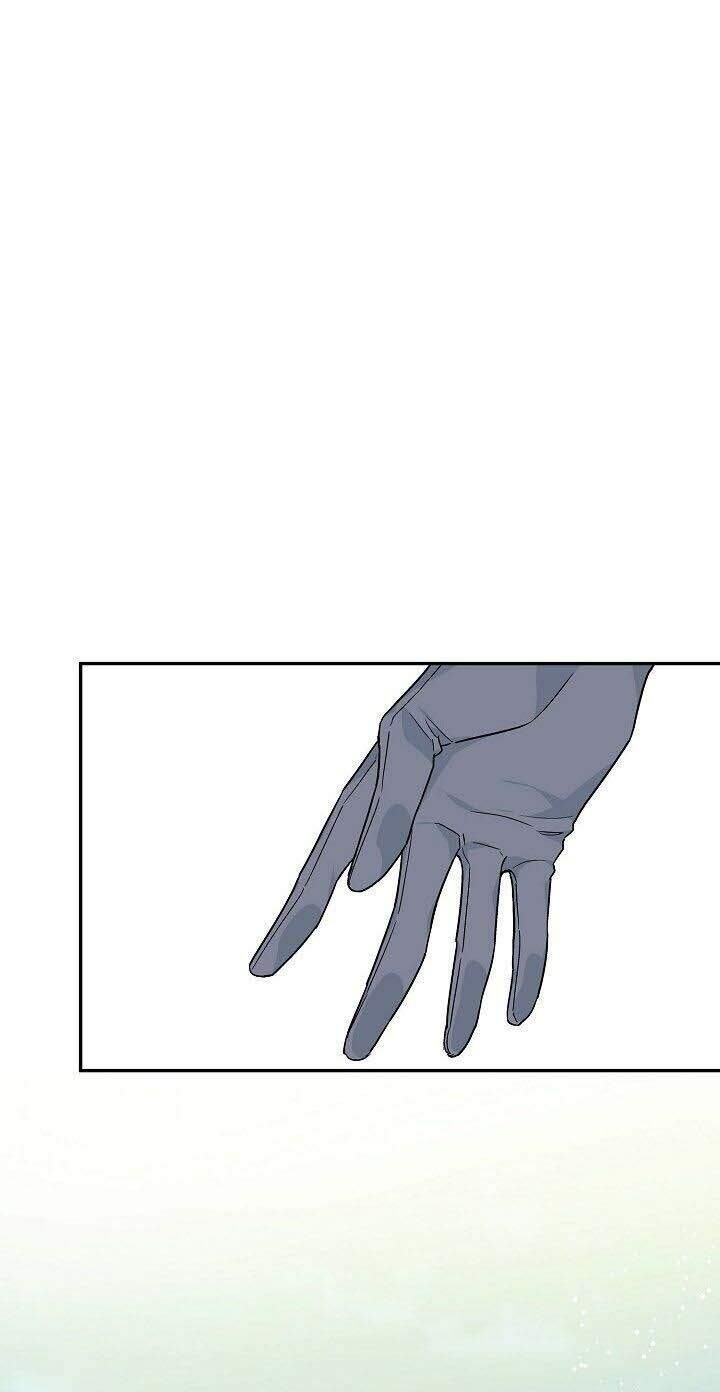 Nữ Hoàng Ngoại Khoa - Chương 97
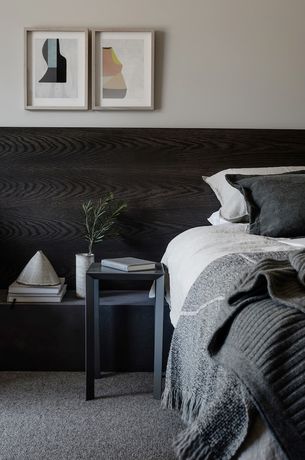 Imagen de la habitación del Hotel The Mitchelton Hotel Nagambie - MGallery by Sofitel. Foto 10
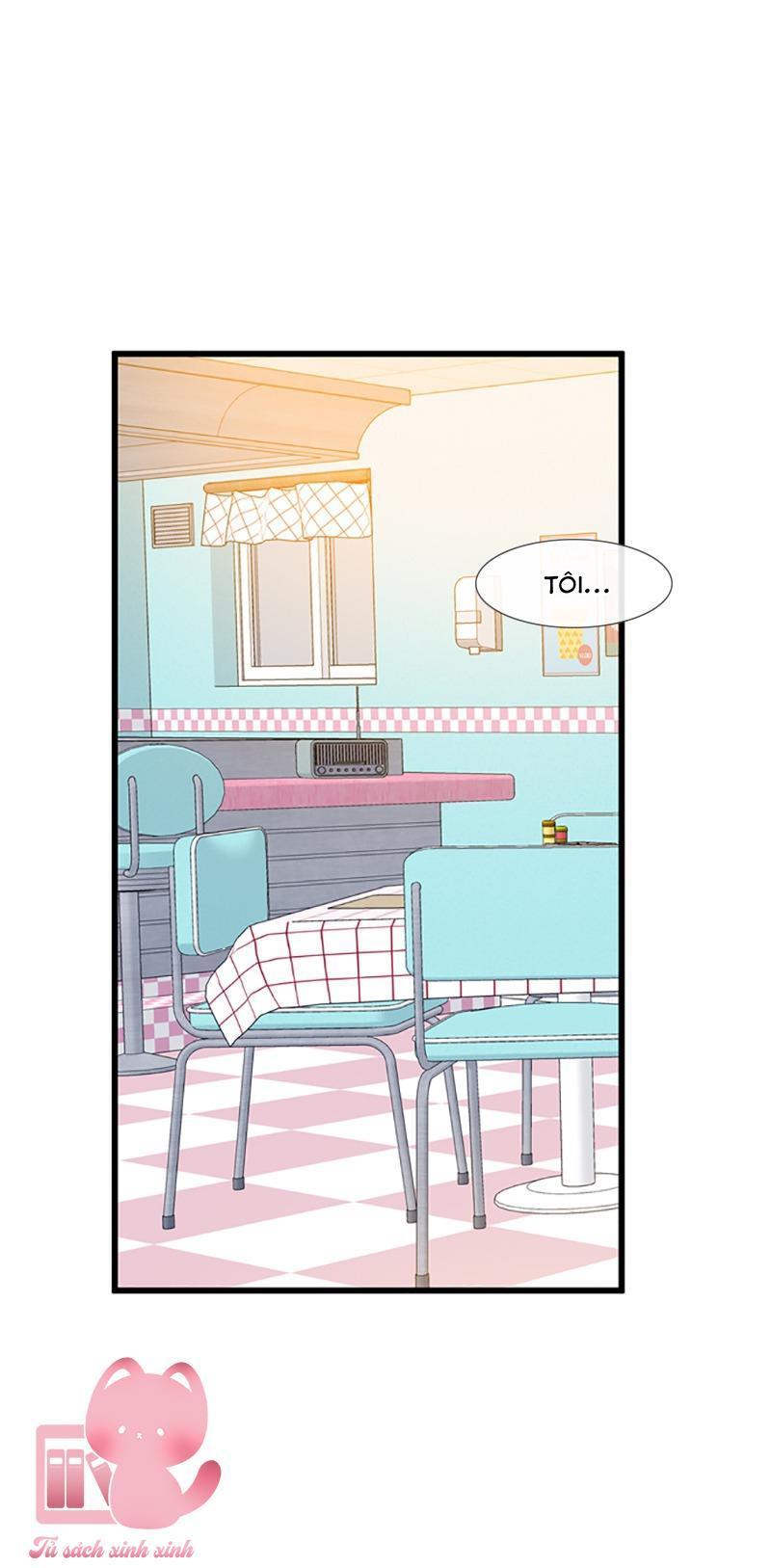 về bên anh chapter 58 45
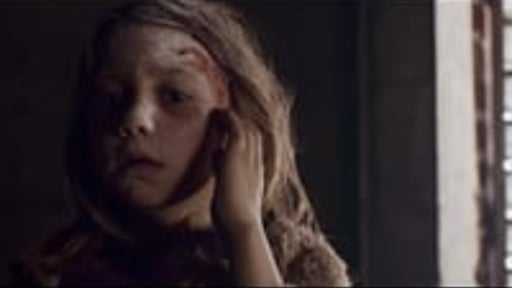 Showreel - An ode to creativity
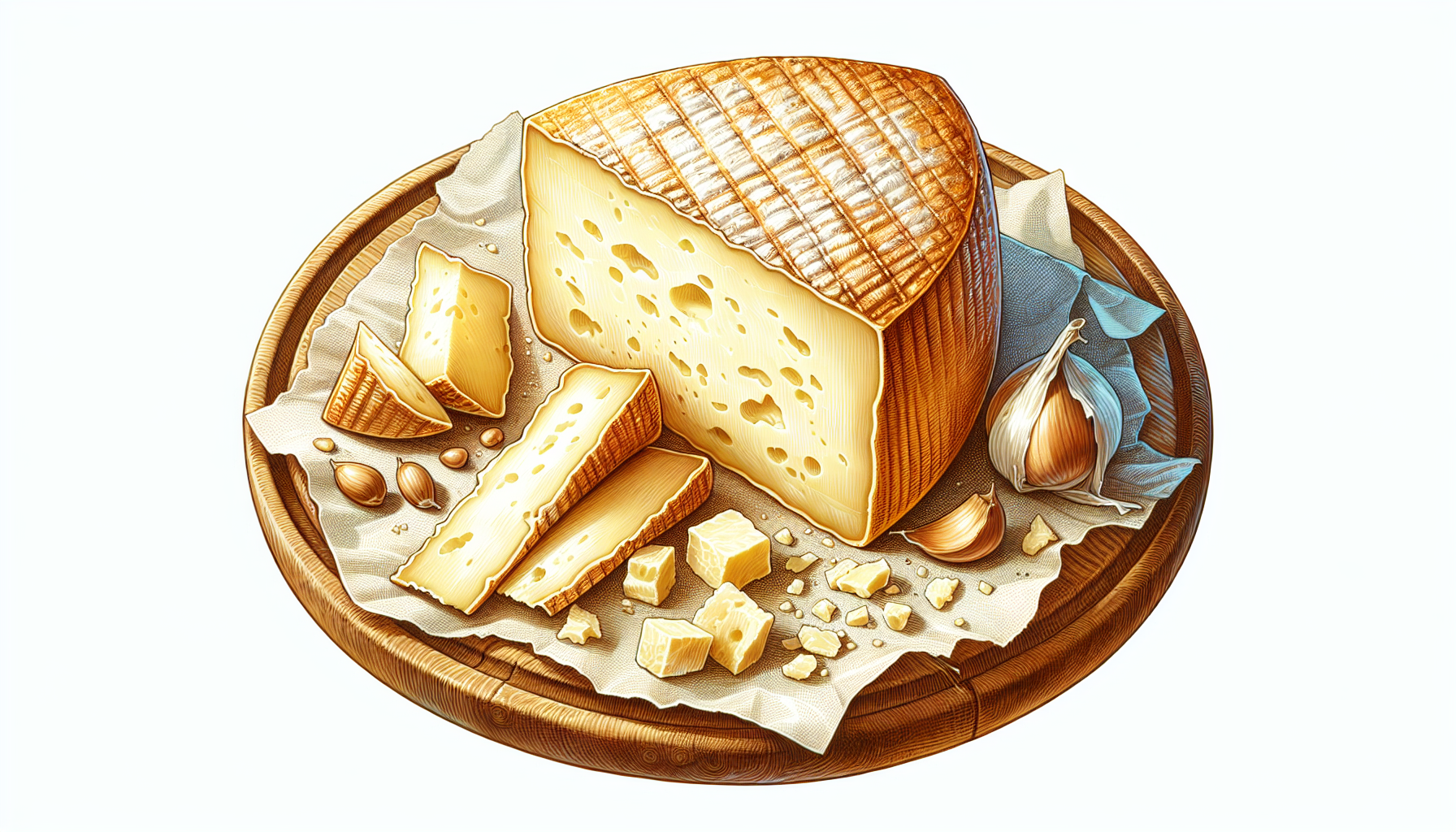 Pecorino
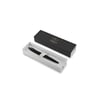 PARKER TÜKENMEZ KALEM JOTTER XL MONO SİYAH CT
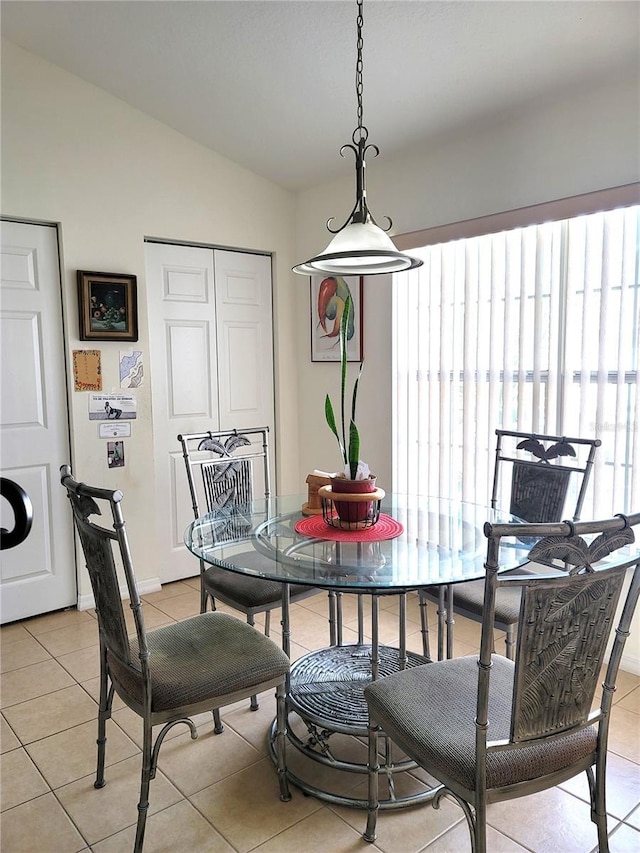 4773 NW 32nd St, Ocala, FL 34482 - photo 30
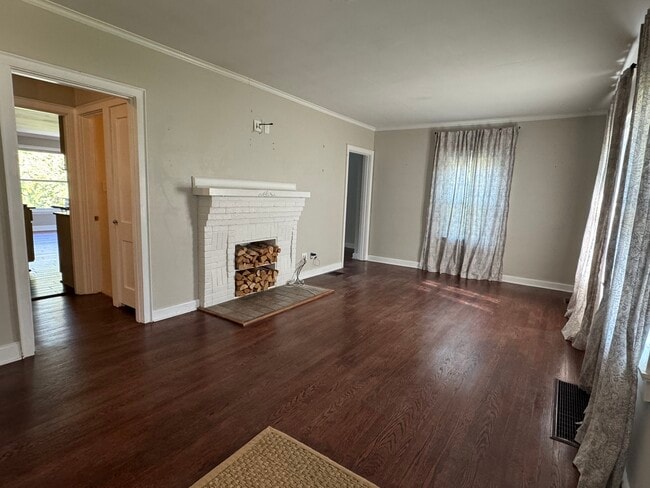Photo - 5408 Villa Rd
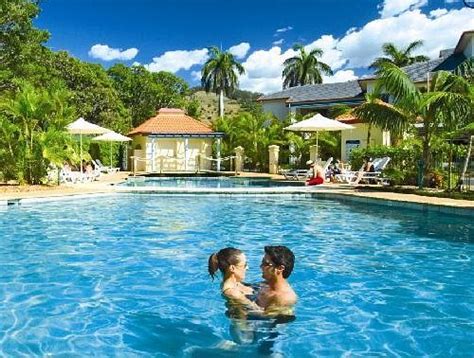 THE 5 BEST Coffs Harbour Beach Resorts 2024 (Prices).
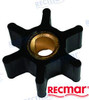 IMPELLER (REC1411-0001)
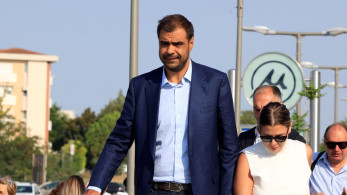 Παύλος Μαρινάκης: Η αντιπολίτευση επαναλαμβάνει μια συνταγή που χρεοκόπησε τη χώρα (video)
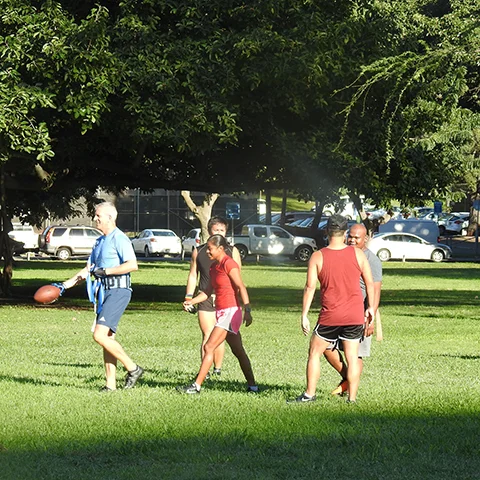 DSCN1028.jpg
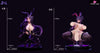Original Bunnystein Fantasy Mizuki Bunny 1/4 Statue - Acy Studio [In-Stock] - Full Payment / C: (A + B) - Original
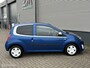 Renault Twingo 1.2-16V Dynamique AIRCO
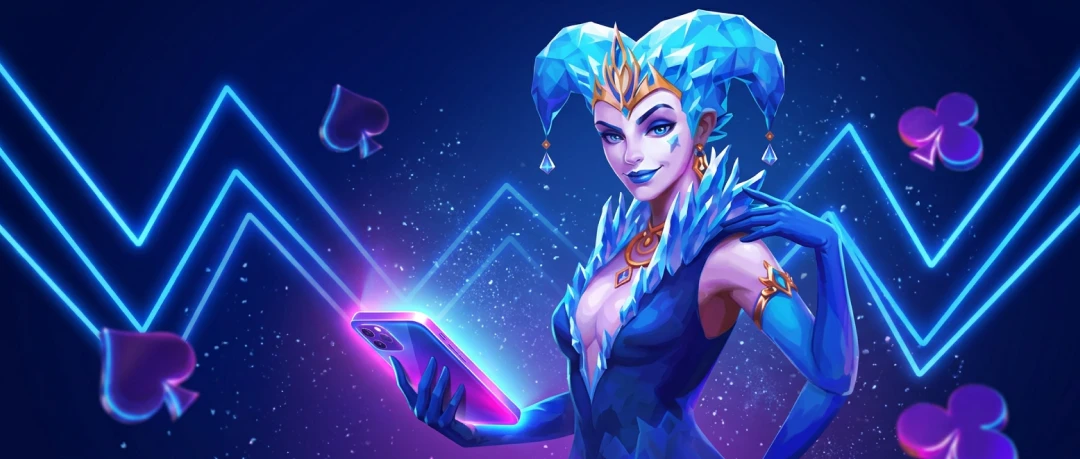 winspirit-casino-login-australia-no-deposit-bonus-banner-1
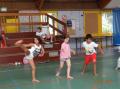 DSC07578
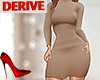 &eth;��&nbsp; DRV Velvet Kiss 1Lr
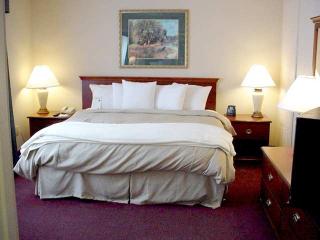 Room
 di Homewood Suites by Hilton Newark-Cranford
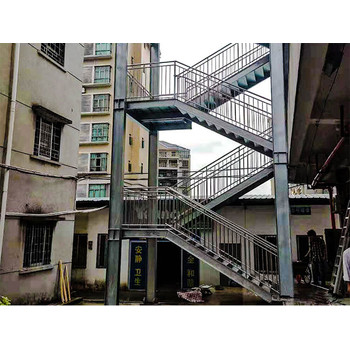 中山市搭大型鋼結(jié)構(gòu)搭建公司鋼結(jié)構(gòu)汽車(chē)雨棚施工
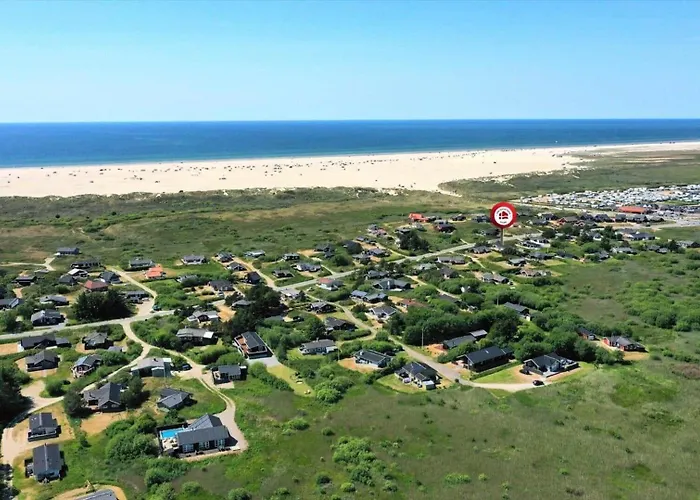 0114-romo-lakolk-41 Dom wakacyjny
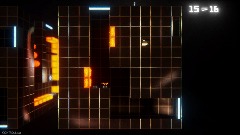 A screenshot taken in Dreams. 15 of 22.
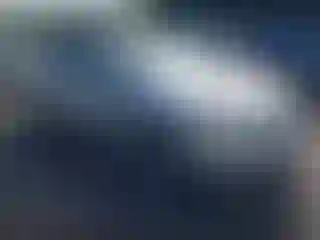 Vehicle Image- 2007 Toyota Camry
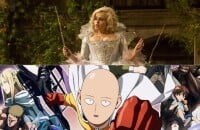 Богдан «Iceberg» Василенко, Дэрил Кох «iceiceice» Пэй Сян, The International, Андрей «ALWAYSWANNAFLY» Бондаренко, Игорь «ILTW» Филатов, Роман «Ramzes666» Кушнарев, Амер «Miracle-» аль-Баркави, Йессе «JerAx» Вайникка, Артур «Goblak» Костенко, Илья «ALOHADANCE» Коробкин, Марун «GH» Мерхей, Очерк Галеева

→ The task
Copy out only the lines beginning at the line with "THE 5 BEST Coffs" and ending at the last line of the entries. Keep them exact; drop pictures.

→ Output of the exercise
 THE 5 BEST Coffs Harbour Beach Resorts 2024 (Prices).
 IMPELLER (REC1411-0001)
 Παύλος Μαρινάκης: Η αντιπολίτευση επαναλαμβάνει μια συνταγή που χρεοκόπησε τη χώρα (video)
 DSCN1028.jpg
Original Bunnystein Fantasy Mizuki Bunny 1/4 Statue - Acy Studio [In-Stock] - Full Payment / C: (A + B) - Original
 Renault Twingo 1.2-16V Dynamique AIRCO
 winspirit-casino-login-australia-no-deposit-bonus-banner-1
 DSC07578
 &eth;��&nbsp; DRV Velvet Kiss 1Lr
 Room
 di Homewood Suites by Hilton Newark-Cranford
 中山市搭大型鋼結(jié)構(gòu)搭建公司鋼結(jié)構(gòu)汽車(chē)雨棚施工
 0114-romo-lakolk-41 Dom wakacyjny
 A screenshot taken in Dreams. 15 of 22.
 Vehicle Image- 2007 Toyota Camry
 Богдан «Iceberg» Василенко, Дэрил Кох «iceiceice» Пэй Сян, The International, Андрей «ALWAYSWANNAFLY» Бондаренко, Игорь «ILTW» Филатов, Роман «Ramzes666» Кушнарев, Амер «Miracle-» аль-Баркави, Йессе «JerAx» Вайникка, Артур «Goblak» Костенко, Илья «ALOHADANCE» Коробкин, Марун «GH» Мерхей, Очерк Галеева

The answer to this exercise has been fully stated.